Lele, così si chiama,
ha iniziato a guidarci in un torneo estivo grazie al quale sono state contattate
alcune ragazze; io sono rimasta colpita da quante cose diceva prima della
partita, con quale convinzione e competenza.
Quando sono iniziati gli allenamenti,
innanzitutto, si è iniziato almeno una settimana prima del solito,
il che ha dato subito una svolta al modo di fare che c’era prima e qualche
ragazza ha detto che finalmente si facevano degli allenamenti seri come
non era da tempo, e comunque per loro che giocavano da anni non era poi
la prima volta.
Sarebbero tante le cose da
dire che spero di non tralasciarne troppe.
Il primo anno è stato
di certo il più sereno, c’era l’entusiasmo, l’impegno, la voglia
di fare, non so come dire… la fatica da fare era tanta, certo, ma era una
sfida ,la “nostra” sfida, la sfida di un GRUPPO di ragazze che giocano
a calcio, consistente anche nel dimostrare che non si è da meno
dei colleghi maschi e che si può anche essere migliori, più
costanti nell’impegno e più unite. Alcuni allenatori delle squadre
maschili si meravigliavano del nostro zelo per quando scendevamo in campo
ad allenarci con qualunque tempo, per gli allenamenti nel periodo natalizio,
si stupivano dicendo che i maschi non dimostrano la stessa serietà.
La prima cosa che abbiamo
imparato è stata proprio l’essere gruppo ed è stato fondamentale
per tante vittorie, non solo sul campo.
Tornando al primo anno è
stato quello in cui contava arrivare primi in campionato, e presto ci rendemmo
conto d’essere più forti delle altre squadre dopo esserci rafforzate,
come si è visto fin dalle prime partite quasi sempre vittorie con
grandi margini, fino a 15 gol in una partita, così quando dopo il
primo tempo eri almeno sul 5-0 c’era posto per tutti.

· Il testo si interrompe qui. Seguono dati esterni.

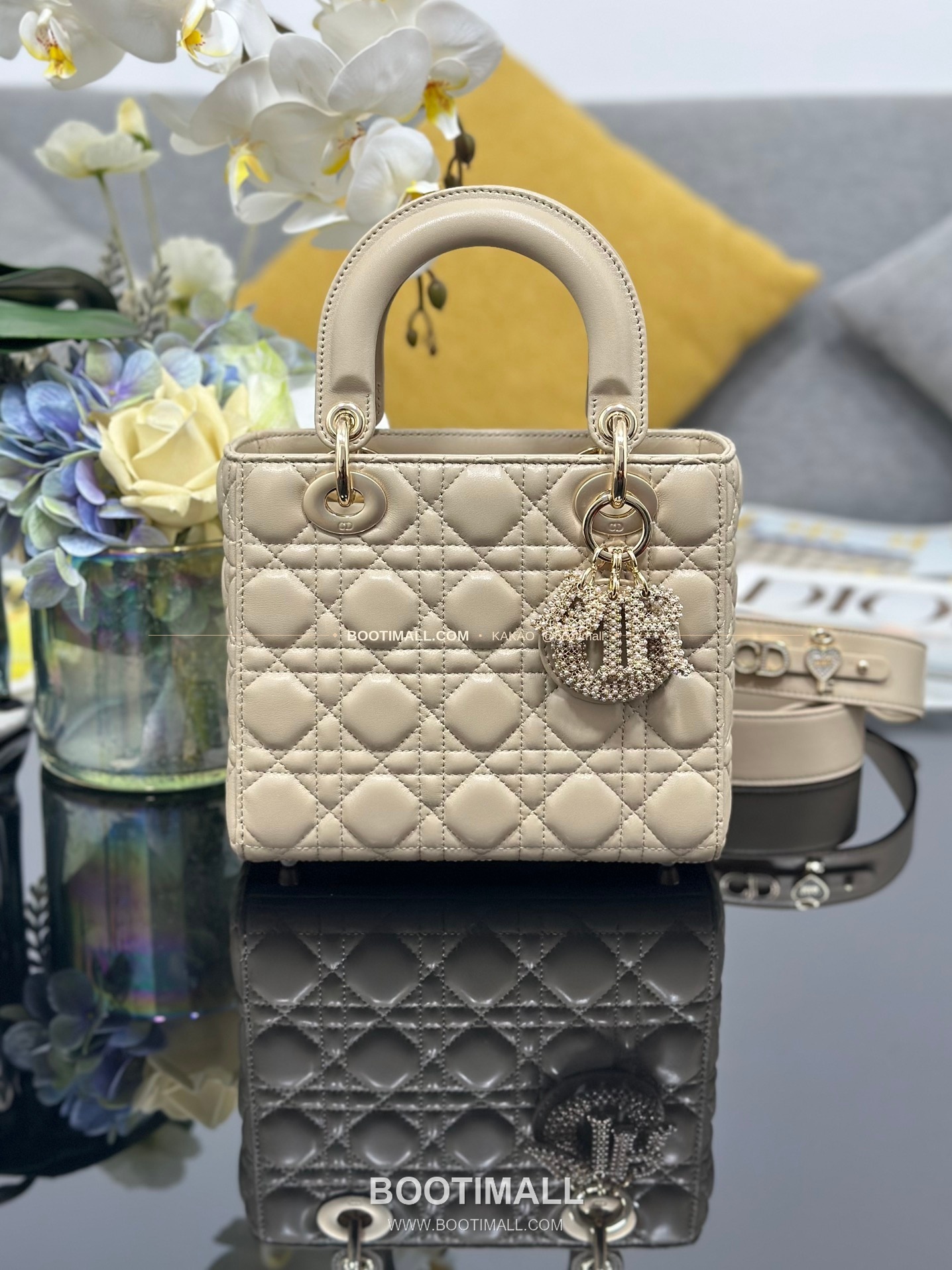 디올 레이디 디올 마이 램스킨 까나쥬 펄 D.I.O.R 참 토트 숄더백 Dior Lady Dior My Lambskin Cannage Pearl D.I.O.R Charm Tote Shoulder Bag M0538 20cm 1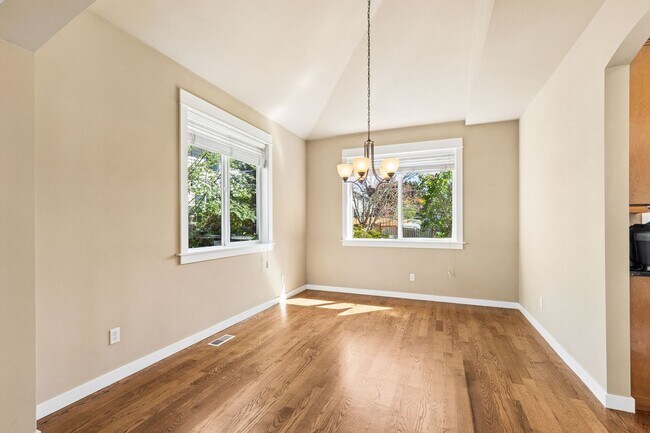 Building Photo - 5 Bedroom 3 Bath Home in Bothell Beaumont Sub Division $4300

Sebbene le cose stessero così
e i risultati erano pressoché assicurati abbiamo avuto le nostre
”partite della vita”, era una carica incredibile sapere che se vincevi
avresti ottenuto qualcosa: ad esempio mantenere il primo posto in classifica
vincendo contro una diretta inseguitrice o la matematica certezza di vincere
il campionato con qualche domenica d’anticipo e così la gioia strabordante
quando abbiamo vinto su una squadra con la quale c’era una certa rivalità,
ricordo ancora la bottiglia di spumante che ha schizzato da tutte le parti
in quello spogliatoio piccolissimo raggiungendo anche le mie scarpe tuttora
macchiate… un ricordo indelebile. L’allenatore quel giorno, nonostante
fossimo verso la fine del campionato e dunque faceva parecchio caldo, soprattutto
in quella bellissima giornata di sole non ha voluto per scaramanzia, da
vero sportivo, togliersi il giaccone che ogni domenica aveva indossato
e che aveva portato tanta fortuna.
Ricordo ancora i nostri giri
dell’intero complesso polisportivo, dall’esterno per non fare troppi giri
su noi stesse in campo, quelle corse sull’asfalto quando all’ultimo pur
non potendone più facevi quell’ultimo giro più veloce, sembrava
di non farcela soprattutto negli ultimi metri, quelli in cui se hai ancora
un po’ di fiato sono le gambe che non tengono più, eppure dopo tre
anni diventa un po’ più leggero. Eppure la fatica si dimezzava pensando
che comunque “si soffre insieme” perché si è una SQUADRA
ed è proprio quando credi di non farcela che è importante
continuare e superare il limite, è proprio in quei momenti che si
deve imparare a mantenere la concentrazione…” è così che
si vincono le partite”, ci diceva sempre Lele : quando l’avversario non
ce la fa più tu sei ancora fresco e lucido e allora si può
anche ribaltare un risultato e non è un caso.
L’allenatore è certo
una persona che deve avere autorità e non è da tutti, certo
ognuno ha il suo carattere, certo, a volte sembra quasi che ti voglia offendere,
ma se vedi che poi sa anche scherzare con te quando si è fuori magari
quando hai finito la partita e torni alla tua vita fuori dal campo; non
credo sia sbagliato chiedere un po’ di disciplina e di rigore, soprattutto
quando i risultati sono buoni.
Sicuramente ha voluto trasmetterci
dei valori attraverso lo sport, impegno, forza di volontà, onestà,
serietà, valori che non tutti sono disposti a rispettare, la forza
di volontà che ti fa andare avanti, la forza dell’essere gruppo.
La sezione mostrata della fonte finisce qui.